History is like an oil tanker. It does not turn on a dime. Mankind sails forward through time in seas that are sometimes calm, sometimes stormy. At times it seems almost becalmed, at other times it can do 12 knots. Depending on who captains the ship, it veers sometimes to port, sometimes to starboard. When it changes direction, the turn is generally slow.

The things that change suddenly on an oil tanker are the emotions of the crew. Nine hundred and ninety-nine days out of a thousand, they obey their orders and do their work. But very occasionally there is a drama. The men mutiny and the captain is clapped in irons. Or pirates board the ship. Such events are what historians love to study and call “revolutions.” Still, the ship plows onward.

In other words, do not expect 1989 to happen every year — and don’t exaggerate how big a turning point even 1989 was. Nearly a quarter of a century ago, Francis Fukuyama hailed “an unabashed victory of economic and political liberalism… the Triumph of the West.”

It seemed so true. Who could forget the thrill of that night — Nov. 9, 1989 — when the Cold War ended not with Armageddon but with a street party? Yet, as I write, the People’s Republic of China is poised to overtake the United States in terms of gross domestic product (adjusted for differences in purchasing power) in 2017. If you invested in the West in 1989 you fared much worse than if you had invested in the Rest. Emerging stock markets have risen by a factor of five since 1989; the U.S. market, fourfold; Europe, less than threefold.

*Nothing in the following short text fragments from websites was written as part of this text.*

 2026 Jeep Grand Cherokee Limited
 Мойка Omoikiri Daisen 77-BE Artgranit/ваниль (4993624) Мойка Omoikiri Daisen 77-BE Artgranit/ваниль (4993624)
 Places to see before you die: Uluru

One attractively simple way of thinking about the world is to say that wealth, and with it power, are shifting from the West to the Rest. In that sense, the real turning point was not 1989 but 1979, the year Deng Xiaoping visited the United States and China’s economic reforms began in earnest. From that point, the “great divergence” of the West from the Rest came to an end, and the world embarked on a “great reconvergence.”

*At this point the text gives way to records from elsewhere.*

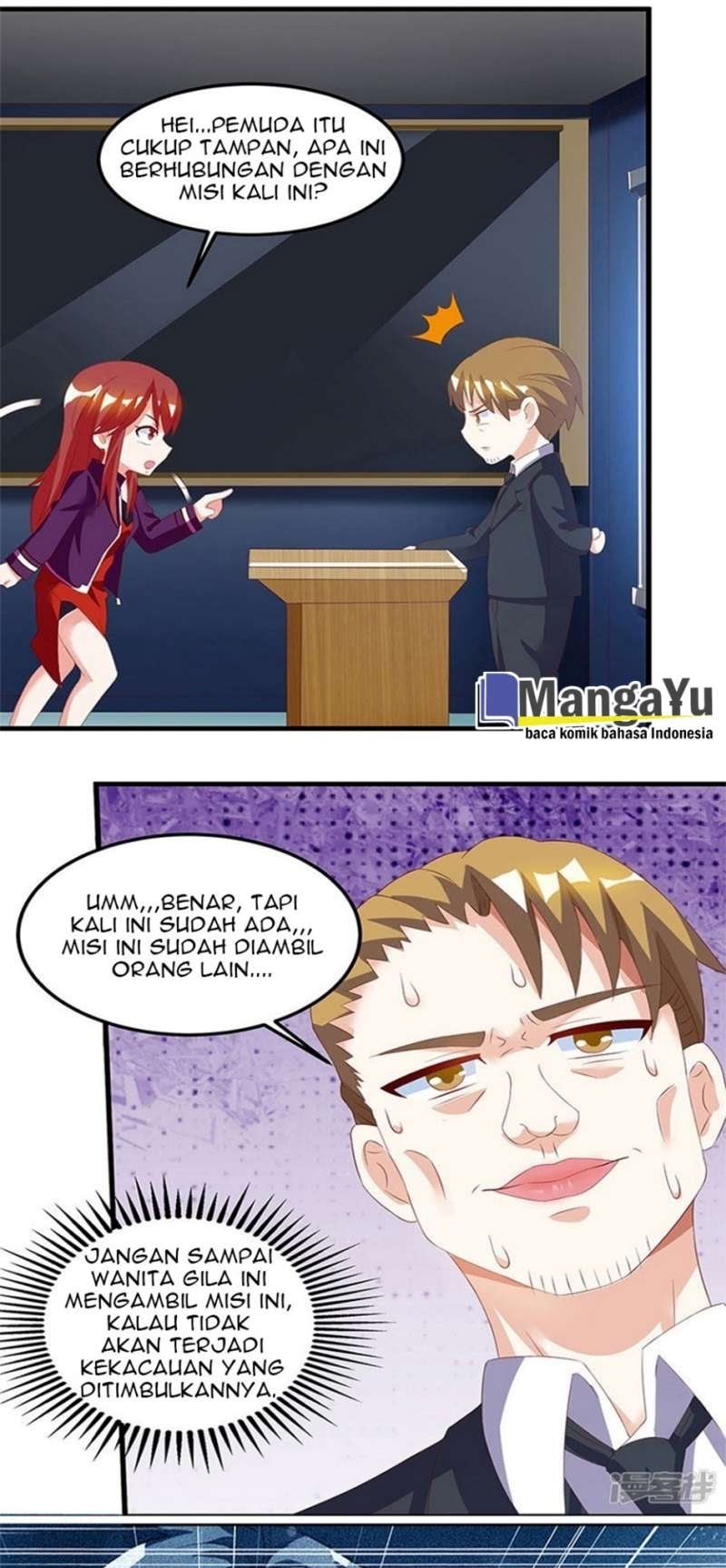 Genius Mad Man Bab 52 halaman 3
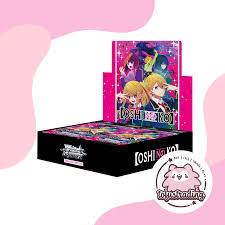 Weiss Schwarz: Oshi no Ko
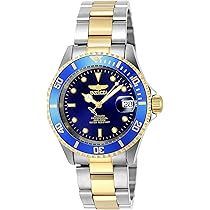 Amazon.co.jp: [インビクタ] 腕時計 Pro Diver 自動巻き 40mm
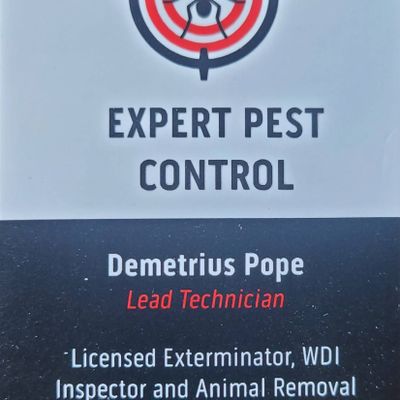 Avatar for Expert Pest Control LLC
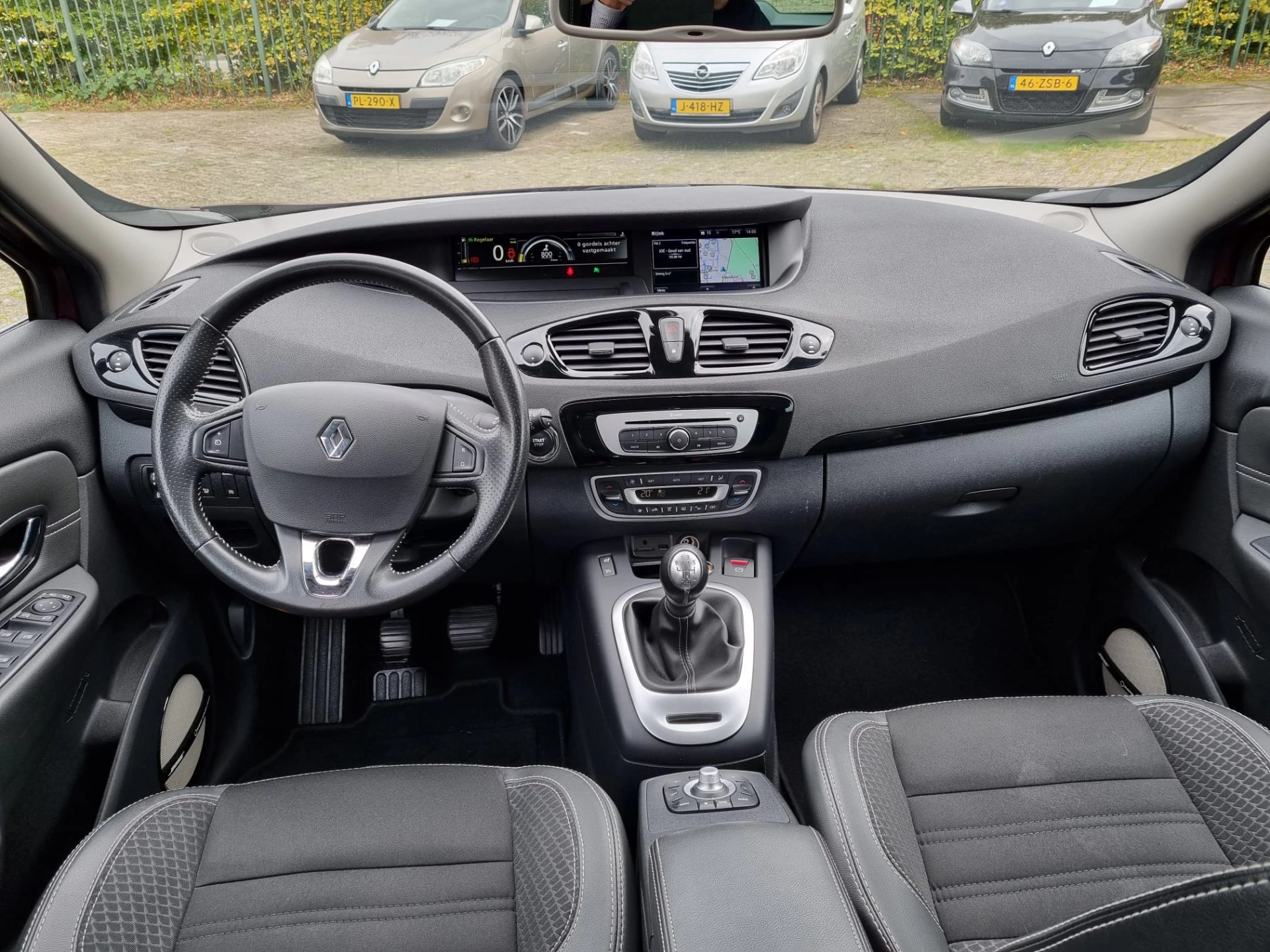 Hoofdafbeelding Renault Grand Scénic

 The Six Drivers of Historical Change

But the reality is more complicated than suggested by phrases like “the post-American world.”

There are six slow-acting drivers of historical change in our time, as in most of recorded history. A common error is to focus on only one. They are:

1. Technological innovation;

2. The spread of ideas and institutions;

3. The tendency of even good political systems to degenerate;

4. Demographics;

5. Supplies of essential commodities;

6. Climate change.

The first three essentially explain why the West has lost some of its predominance. But the others remind us that, in that wonderful line often attributed to Bismarck, “a special Providence watches over children, drunkards and the United States of America.”

Measured (crudely) in terms of international patents granted by country of origin of applicant, the West no longer leads. Japan has been out in front of the United States for nearly 20 years and, in the past decade, first South Korea and then China have overtaken Germany to take the third and fourth places.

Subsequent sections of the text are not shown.